■ WHAT THE TASK ASKS: Lines from the records below that contain the word "thumbnail" are to be copied out.

■ THE RECORDS:
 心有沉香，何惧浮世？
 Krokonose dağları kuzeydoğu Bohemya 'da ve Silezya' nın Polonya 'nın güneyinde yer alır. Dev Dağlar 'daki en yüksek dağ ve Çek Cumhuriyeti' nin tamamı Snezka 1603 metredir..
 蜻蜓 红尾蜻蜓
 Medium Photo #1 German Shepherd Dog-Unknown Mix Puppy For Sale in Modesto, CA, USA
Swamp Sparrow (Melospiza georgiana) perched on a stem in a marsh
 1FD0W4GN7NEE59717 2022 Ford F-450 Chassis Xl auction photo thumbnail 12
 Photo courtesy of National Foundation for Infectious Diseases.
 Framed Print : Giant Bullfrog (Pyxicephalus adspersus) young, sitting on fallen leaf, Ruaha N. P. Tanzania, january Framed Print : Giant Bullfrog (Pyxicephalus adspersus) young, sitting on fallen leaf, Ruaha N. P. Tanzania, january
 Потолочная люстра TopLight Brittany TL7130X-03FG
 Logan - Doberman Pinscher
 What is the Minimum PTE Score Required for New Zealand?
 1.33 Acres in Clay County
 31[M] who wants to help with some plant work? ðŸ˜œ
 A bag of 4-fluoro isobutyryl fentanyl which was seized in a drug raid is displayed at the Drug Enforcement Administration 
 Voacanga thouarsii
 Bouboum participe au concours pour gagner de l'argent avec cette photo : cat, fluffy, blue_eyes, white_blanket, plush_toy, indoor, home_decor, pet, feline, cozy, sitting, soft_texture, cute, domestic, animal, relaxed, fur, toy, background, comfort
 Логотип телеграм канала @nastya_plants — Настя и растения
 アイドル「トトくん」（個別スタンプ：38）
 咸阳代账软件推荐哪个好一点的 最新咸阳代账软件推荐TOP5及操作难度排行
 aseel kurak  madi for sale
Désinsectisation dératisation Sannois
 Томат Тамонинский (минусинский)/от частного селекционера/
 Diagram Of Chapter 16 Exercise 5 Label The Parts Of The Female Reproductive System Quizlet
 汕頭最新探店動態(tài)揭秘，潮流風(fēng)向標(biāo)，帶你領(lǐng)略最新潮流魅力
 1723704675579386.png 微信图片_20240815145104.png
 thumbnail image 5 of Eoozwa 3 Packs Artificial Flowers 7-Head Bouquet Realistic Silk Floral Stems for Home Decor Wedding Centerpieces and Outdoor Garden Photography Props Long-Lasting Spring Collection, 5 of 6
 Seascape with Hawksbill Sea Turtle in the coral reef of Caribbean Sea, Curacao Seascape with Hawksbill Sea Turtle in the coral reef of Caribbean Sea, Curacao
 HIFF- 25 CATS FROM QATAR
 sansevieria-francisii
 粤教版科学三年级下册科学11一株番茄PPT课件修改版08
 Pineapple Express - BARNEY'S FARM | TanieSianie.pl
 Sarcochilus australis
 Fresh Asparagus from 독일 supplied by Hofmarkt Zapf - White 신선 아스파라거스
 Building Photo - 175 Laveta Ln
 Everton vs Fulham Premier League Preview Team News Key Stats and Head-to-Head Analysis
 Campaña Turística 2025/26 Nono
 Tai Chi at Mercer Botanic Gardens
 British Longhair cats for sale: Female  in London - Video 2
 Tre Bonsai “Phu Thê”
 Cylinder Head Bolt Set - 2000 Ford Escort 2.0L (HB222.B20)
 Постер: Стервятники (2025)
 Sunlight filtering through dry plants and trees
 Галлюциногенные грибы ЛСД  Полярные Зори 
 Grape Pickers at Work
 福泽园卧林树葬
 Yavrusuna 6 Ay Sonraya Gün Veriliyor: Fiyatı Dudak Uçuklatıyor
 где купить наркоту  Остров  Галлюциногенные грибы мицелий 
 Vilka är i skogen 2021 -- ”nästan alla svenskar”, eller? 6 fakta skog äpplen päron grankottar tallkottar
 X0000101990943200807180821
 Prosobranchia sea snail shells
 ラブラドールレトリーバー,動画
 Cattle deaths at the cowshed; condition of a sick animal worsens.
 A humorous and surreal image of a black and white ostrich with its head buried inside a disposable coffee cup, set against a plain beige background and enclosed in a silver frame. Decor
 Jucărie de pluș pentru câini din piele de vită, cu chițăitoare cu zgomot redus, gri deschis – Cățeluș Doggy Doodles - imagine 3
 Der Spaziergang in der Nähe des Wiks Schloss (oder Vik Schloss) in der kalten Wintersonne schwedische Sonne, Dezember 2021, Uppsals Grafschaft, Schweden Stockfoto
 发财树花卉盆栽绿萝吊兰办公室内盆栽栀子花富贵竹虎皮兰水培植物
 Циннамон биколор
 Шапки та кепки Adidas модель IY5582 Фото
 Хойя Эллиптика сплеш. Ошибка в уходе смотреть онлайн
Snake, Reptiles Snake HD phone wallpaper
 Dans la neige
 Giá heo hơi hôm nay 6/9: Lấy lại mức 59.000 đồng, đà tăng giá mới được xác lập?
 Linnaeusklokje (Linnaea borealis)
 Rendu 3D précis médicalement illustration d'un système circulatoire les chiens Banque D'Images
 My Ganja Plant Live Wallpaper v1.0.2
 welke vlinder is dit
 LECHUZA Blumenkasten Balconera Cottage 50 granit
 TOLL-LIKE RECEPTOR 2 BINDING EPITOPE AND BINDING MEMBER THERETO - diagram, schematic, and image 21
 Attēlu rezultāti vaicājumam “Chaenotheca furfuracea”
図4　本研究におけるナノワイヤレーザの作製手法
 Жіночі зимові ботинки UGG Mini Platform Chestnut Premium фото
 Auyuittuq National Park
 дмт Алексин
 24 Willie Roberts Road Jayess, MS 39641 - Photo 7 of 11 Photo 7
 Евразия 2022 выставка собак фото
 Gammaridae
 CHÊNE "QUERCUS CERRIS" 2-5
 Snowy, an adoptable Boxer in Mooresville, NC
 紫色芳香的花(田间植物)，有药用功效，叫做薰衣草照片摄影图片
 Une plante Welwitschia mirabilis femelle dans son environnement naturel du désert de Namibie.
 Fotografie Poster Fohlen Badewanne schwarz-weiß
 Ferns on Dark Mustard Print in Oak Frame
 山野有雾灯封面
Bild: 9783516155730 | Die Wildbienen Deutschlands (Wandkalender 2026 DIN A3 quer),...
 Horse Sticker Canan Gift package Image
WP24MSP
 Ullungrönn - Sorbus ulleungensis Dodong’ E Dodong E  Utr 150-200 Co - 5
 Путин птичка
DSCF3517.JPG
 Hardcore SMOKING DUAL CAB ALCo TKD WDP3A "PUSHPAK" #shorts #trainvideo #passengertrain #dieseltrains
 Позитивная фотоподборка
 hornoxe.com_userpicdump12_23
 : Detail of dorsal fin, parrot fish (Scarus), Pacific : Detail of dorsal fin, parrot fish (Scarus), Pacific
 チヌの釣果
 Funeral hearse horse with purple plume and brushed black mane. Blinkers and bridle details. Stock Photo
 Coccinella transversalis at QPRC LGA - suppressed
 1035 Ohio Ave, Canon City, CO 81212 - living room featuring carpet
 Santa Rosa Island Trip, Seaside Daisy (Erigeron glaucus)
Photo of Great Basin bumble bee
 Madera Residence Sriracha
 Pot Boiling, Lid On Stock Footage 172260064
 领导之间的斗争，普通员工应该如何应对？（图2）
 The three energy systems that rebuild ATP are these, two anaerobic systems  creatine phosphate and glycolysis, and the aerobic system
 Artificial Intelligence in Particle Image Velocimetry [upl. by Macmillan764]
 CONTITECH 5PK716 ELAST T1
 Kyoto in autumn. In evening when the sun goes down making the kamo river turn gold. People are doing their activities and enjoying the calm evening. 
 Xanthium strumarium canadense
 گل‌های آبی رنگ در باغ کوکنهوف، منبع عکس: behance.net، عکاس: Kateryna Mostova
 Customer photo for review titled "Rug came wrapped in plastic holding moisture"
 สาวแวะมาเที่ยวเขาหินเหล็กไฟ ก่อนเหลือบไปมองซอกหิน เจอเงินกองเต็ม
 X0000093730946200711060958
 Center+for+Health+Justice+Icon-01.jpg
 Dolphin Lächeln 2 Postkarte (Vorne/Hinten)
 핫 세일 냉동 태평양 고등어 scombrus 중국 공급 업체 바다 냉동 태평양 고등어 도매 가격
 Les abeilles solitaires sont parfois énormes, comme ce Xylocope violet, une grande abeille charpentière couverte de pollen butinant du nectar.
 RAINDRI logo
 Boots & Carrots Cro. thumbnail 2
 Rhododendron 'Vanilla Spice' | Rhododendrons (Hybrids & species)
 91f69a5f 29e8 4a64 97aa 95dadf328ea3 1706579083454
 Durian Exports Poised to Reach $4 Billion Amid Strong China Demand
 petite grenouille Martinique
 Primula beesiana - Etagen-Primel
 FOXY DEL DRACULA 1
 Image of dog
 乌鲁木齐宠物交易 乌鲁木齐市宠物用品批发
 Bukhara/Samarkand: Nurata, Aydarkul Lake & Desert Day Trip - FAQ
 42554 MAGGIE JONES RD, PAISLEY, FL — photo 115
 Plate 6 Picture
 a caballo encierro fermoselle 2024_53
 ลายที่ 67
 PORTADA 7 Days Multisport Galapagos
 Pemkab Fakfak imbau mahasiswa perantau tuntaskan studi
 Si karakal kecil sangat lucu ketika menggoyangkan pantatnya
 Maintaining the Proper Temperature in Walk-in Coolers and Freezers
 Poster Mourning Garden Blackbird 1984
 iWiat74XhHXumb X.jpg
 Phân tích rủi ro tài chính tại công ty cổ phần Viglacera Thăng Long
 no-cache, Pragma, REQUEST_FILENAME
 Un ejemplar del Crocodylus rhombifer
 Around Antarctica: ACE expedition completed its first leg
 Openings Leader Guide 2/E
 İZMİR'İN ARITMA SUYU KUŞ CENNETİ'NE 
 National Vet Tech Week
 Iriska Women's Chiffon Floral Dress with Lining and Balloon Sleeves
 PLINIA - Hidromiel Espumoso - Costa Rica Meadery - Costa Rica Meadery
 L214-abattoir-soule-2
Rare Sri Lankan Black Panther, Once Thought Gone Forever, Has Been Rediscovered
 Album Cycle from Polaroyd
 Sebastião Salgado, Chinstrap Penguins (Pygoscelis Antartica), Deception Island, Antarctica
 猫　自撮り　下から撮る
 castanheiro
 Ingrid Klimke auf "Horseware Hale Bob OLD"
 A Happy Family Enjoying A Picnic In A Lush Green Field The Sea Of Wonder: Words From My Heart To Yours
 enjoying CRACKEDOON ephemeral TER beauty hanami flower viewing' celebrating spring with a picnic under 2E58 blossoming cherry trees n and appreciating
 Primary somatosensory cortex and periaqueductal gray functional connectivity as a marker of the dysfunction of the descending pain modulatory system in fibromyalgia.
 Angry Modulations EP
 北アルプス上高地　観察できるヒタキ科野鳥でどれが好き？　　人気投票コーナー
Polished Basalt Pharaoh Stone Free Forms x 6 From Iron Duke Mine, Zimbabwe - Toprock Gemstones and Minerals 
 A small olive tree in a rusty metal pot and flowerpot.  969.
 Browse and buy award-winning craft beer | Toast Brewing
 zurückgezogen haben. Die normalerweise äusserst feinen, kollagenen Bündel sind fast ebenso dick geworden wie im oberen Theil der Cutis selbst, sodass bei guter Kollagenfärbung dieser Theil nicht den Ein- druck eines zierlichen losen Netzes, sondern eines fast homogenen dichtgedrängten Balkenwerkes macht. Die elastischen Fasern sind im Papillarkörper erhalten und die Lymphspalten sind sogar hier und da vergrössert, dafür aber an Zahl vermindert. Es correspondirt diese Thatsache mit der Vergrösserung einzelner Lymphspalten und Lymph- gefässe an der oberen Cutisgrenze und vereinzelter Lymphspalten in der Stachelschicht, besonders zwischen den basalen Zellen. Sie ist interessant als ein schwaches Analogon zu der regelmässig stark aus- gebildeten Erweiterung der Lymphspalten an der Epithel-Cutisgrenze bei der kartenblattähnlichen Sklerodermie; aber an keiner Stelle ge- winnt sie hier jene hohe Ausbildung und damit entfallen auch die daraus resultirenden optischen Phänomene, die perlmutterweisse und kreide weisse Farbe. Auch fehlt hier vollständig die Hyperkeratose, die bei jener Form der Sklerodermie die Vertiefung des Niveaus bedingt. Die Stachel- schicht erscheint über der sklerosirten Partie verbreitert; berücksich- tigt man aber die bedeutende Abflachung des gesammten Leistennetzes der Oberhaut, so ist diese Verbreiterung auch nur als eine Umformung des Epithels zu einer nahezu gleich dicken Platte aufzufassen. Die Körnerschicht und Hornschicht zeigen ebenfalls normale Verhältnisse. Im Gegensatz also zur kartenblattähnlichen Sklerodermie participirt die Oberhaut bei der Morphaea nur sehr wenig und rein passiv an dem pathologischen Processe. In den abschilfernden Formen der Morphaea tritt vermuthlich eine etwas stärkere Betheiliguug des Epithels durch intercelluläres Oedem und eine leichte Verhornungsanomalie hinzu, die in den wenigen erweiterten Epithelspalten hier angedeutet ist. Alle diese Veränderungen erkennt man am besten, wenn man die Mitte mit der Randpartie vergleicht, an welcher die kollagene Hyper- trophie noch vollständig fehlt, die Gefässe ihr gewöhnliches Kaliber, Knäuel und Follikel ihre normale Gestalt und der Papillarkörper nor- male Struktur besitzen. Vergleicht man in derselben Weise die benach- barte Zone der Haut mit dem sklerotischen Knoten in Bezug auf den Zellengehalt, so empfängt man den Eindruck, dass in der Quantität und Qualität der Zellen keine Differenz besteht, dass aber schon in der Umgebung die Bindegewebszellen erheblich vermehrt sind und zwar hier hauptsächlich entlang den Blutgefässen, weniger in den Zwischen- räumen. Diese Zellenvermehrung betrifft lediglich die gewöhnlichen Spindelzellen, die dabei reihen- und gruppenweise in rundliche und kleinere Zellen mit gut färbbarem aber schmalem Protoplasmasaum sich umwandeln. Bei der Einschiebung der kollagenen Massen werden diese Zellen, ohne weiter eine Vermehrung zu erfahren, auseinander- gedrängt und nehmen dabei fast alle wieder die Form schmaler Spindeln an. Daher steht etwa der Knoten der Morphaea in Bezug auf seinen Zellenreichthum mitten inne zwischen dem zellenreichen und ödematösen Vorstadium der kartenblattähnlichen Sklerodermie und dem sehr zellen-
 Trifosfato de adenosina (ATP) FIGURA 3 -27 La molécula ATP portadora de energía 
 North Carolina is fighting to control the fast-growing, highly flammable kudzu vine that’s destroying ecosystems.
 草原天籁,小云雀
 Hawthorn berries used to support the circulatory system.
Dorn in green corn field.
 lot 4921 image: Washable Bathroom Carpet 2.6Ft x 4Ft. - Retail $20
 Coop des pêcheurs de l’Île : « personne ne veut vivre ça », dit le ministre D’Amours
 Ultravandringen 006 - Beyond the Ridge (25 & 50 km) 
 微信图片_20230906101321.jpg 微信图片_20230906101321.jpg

■ EXERCISE ANSWER:
 1FD0W4GN7NEE59717 2022 Ford F-450 Chassis Xl auction photo thumbnail 12
 thumbnail image 5 of Eoozwa 3 Packs Artificial Flowers 7-Head Bouquet Realistic Silk Floral Stems for Home Decor Wedding Centerpieces and Outdoor Garden Photography Props Long-Lasting Spring Collection, 5 of 6
 Boots & Carrots Cro. thumbnail 2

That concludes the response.